See these rare weather phenomena, shown on new stamps


Daniel Martins
Digital Reporter

Friday, June 19, 2015, 5:59 AM - Send a double rainbow to a beloved relative? Deliver a lightning bolt to someone less-than-beloved?

You’ll soon be able to do both, figuratively, thanks to a new series of Canada Post stamps that showcase the country’s wide and spectacular range of weather. In addition to the lightning and double rainbow, there are stamps that show ocean fog, hoarfrost and a sun dog.

The photo of a sun dog, a rare occurrence unseen by most Canadians, was discovered here on theweathernetwork.com among these images submitted by our audience.

"The images captured in weather wonders illustrate the natural beauty that can be seen across our country," said Lisa Raitt, the federal Minister of Transport who's responsible for Canada Post.

Stamp designer Kosta Tsetsekas and his colleagues had to sift through thousands of images to narrow it to the five that will grace envelopes and stamp collections starting later this month.

“It was really finding the image that told the story and at the same time worked well as a group,” he said. “That was the challenge.”

The new stamps mark the 175th anniversary of weather observations in Canada, beginning in 1840 first at Toronto’s Fort York and then at King’s College in Halifax.

As nice as the finished products look, Tsetsekas said he just designed the stamps. “The photographers did it, they deserve the credit,” he said. “These are beautiful images.”

Here’s how each image came to be one of the stamps, available here at Canada Post's online store and in postal outlets.

Sun dog: Iqaluit, Nunavut

Frank Reardon spotted this sun dog during the noon hour on December 3, 2012, a few weeks before the shortest day of the year.

“The sun was just peaking across the horizon,” he said. “That’s about as high as the sun gets during the day, and around lunchtime I took the photo.”

He braced himself against the wind and well-below-zero temperatures to get the shot with a 14mm fisheye lens, and quickly submitted it to The Weather Network.

“If you look closely at the photo, you can see a second set of rainbows, very faint,” he said. “It’s very unusual to see the second circle. This always tells that it’s really windy ... the ice crystals are blown across.”

Sun dogs are a pair of bright spots that flank the sun, visible when the light refracts through airborne ice crystals. They are more likely to be viewed at higher latitudes on cold days.

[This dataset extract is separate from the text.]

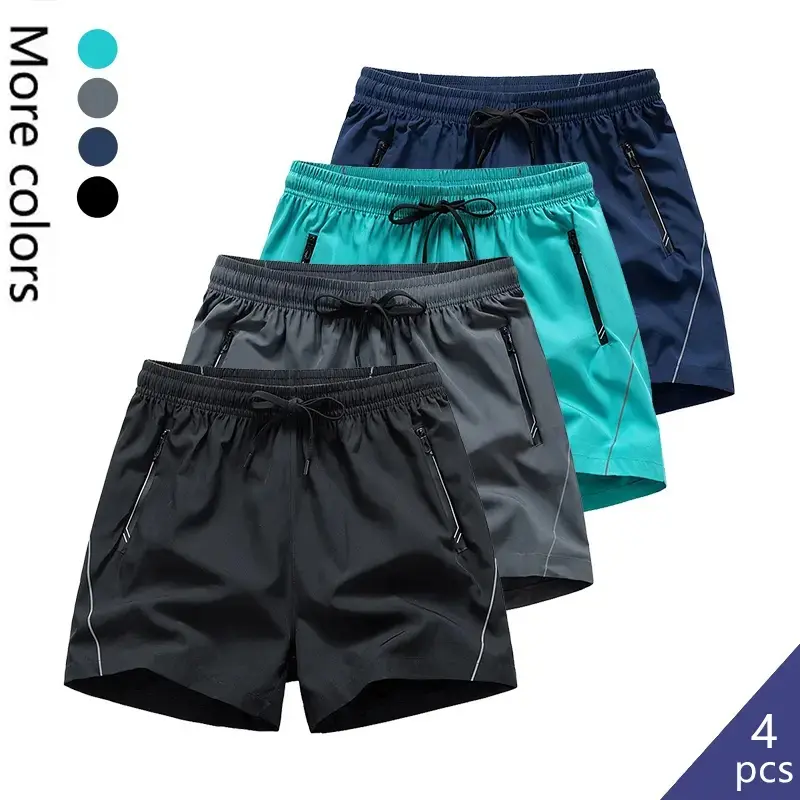 Men's solid-color casual shorts, 4-pack, featuring zippered pockets and a stylish drawstring design; comfortable and breathable, suitable for fitness and outdoor activities.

Stamp designer Kosta Tsetsekas said he wasn’t aware of the phenomenon before the stamp project, and Reardon’s panorama of Iqaluit sprawled beneath the sun dog clinched its spot.

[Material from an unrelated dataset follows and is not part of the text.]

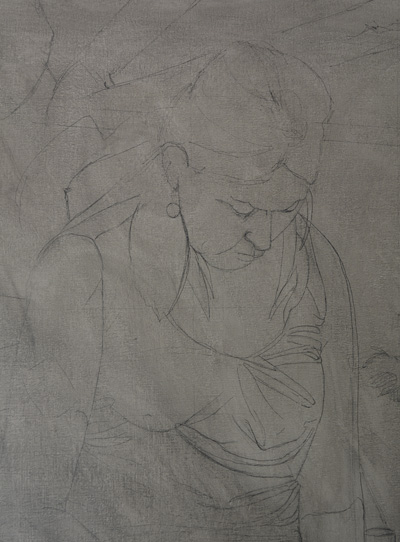 Closeup, drawing visible through of the ground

“We wanted it set in a community,” he said, “without it having the landscape compare too much with the effect we’re trying to present.”

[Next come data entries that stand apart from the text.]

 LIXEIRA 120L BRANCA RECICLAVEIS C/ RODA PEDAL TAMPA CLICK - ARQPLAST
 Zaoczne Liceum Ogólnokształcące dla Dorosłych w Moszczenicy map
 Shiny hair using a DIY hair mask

Double rainbow:  Saint-Gédéon, Que.

Mike Grandmaison was driving through Northern Quebec near Lac-Saint-Jean a few years ago when stormy weather delivered an unbelievable opportunity: A near-perfect double rainbow.

“In those kind of situations, you’re always a little edgy, because you want to make sure you get it,” said Grandmaison, a freelance photographer based in Winnipeg. “You don’t always have time to compose the beautiful photo, so you’re always looking for a foreground.”

This time, Grandmaison lucked out, with woods and wetlands to make a perfect foreground for the sunny shot as the rain still fell where he stood.

Rainbows are seen when internal light reflections in individual raindrops are refracted as they move between air and water, when the sun hits them while it is still raining. The sun’s rays need to be behind the viewer in order to see one. To see two rainbows, the light needs to be reflected twice, in which case the colours are seen reversed.

The stamp design team had plenty of double rainbows to choose from, but needed one with just the right combination of sky and land, settling on Grandmaison’s shot.

“It was more a pastoral kind of landscape,” designer Kosta Tsetsekas said, “and it really allowed the rainbow to be the hero. I think that was the key here.”

Fog: Cape Spear Lighthouse, Nfld.

St. John’s resident Geoffrey Whiteway has plenty of spare time in the summer break from teaching at Memorial University’s Fisheries and Marine Institute, so he often heads out in the early mornings to take photos.

The vista above greeted the photography enthusiast in July of 2011, at Cape Spear, 20 minutes from his home.

“I got out there and it was foggy,” he said. “I picked up a cup of tea at Tim Hortons so I decided to stay. Took a walk up to the lighthouse, sat down and relaxed. It kind of unfolded from there.”

Fog is low-lying cloud, made up of countless water droplets or ice crystals suspended in the air. It usually draws its moisture from wet ground, the ocean or other nearby water bodies.

Atlantic Canada’s lighthouses are numerous and iconic, and the one at Cape Spear helped cement this shot’s place on the stamp.

“This one won because of the colour, and just the subtlety of the lighthouse and the buildings as they appear out of the fog,” stamp designer Kosta Tsetsekas said. “It just seemed to have that last little bit that brought it in as the winner.”

Lightning: Near Winnipeg

Dave Reede took this crackling photo on the Trans-Canada Highway east of Winnipeg in the midst of an exceptionally stormy week more than 10 years ago, when he would often go out driving at night to see what he and his camera would nab.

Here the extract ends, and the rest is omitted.